In a physical application, I'm varying the $40$ elements of a $10\times 4$ real matrix numerically. Every iteration, I'm using Gram-Schmidt orthogonalization to maintain orthonormality between the rows.
Of course, I've realized that double work is being done, keeping track of and varying $40$ elements and then discarding some of them for orthonormality, not to speak of what this actually does to the concept of gradient descent. Since there is one equation governing the first row, two governing the second and so on, there are actually $M\cdot N - \frac{N^2-N}{2} = 30$ degrees of freedom.
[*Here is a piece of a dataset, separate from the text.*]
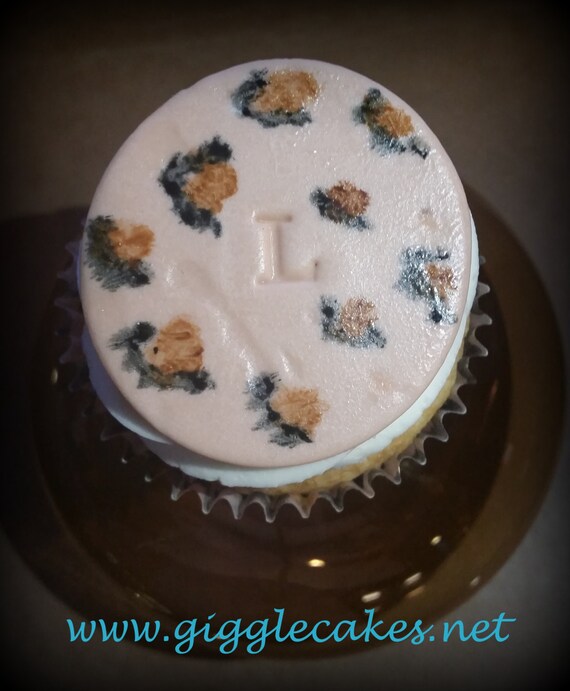 Items similar to Fondant Leopard print cupcake topper, accent cupcake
I tried to go the route through geometry, storing $30$ angles $\theta_l$ and expressing the rows as orthogonal points on the unit $40$-sphere. This led me to two things: Group theory, of which I know nothing, and a headache, of which I know more than I want.
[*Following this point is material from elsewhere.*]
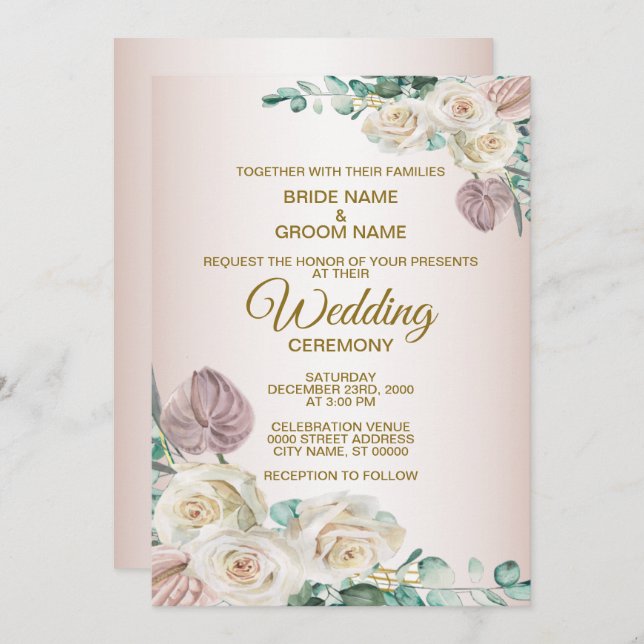 Pink White Floral Watercolor Greenery Wedding Invitation (Front/Back)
I'm (apparently) looking for the first $N$ rows of an $\mathrm{SO}(M)$ matrix. Is there a reliable way to generate this matrix from $M\cdot N - \frac{N^2-N}{2}$ parameters?
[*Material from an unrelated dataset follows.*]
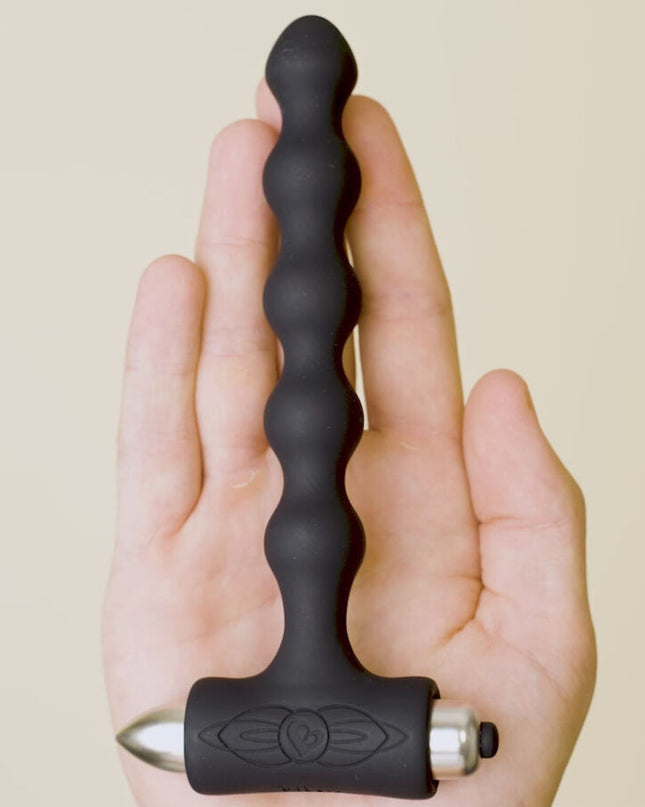 ROCKS-OFF - VIBRATOR PETITE SENSATIONS PEARLS CU DOP ANAL NEGRU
It sounds like what you really want is gradient descent on Stiefel manifolds. Given $X,T\in\mathbb R^{N\times M}$ with $T$ tangent to $X$ in the Stiefel manifold, i.e. $XT^t$ antisymmetric, then $X\exp(-\gamma(X^tT-T^tX)/2)$ is a point on the Stiefel manifold in the direction of $-T.$ There is a cheaper approximation that still stays on the Stiefel manifold but avoids matrix exponentials - see http://noodle.med.yale.edu/hdtag/notes/steifel_notes.pdf
The tangent space $\{T\mid XT^t+TX^t=0\}$ is a 30-dimensional vector space; you could in principle compute a basis for any particular $X.$ That's probably not useful though.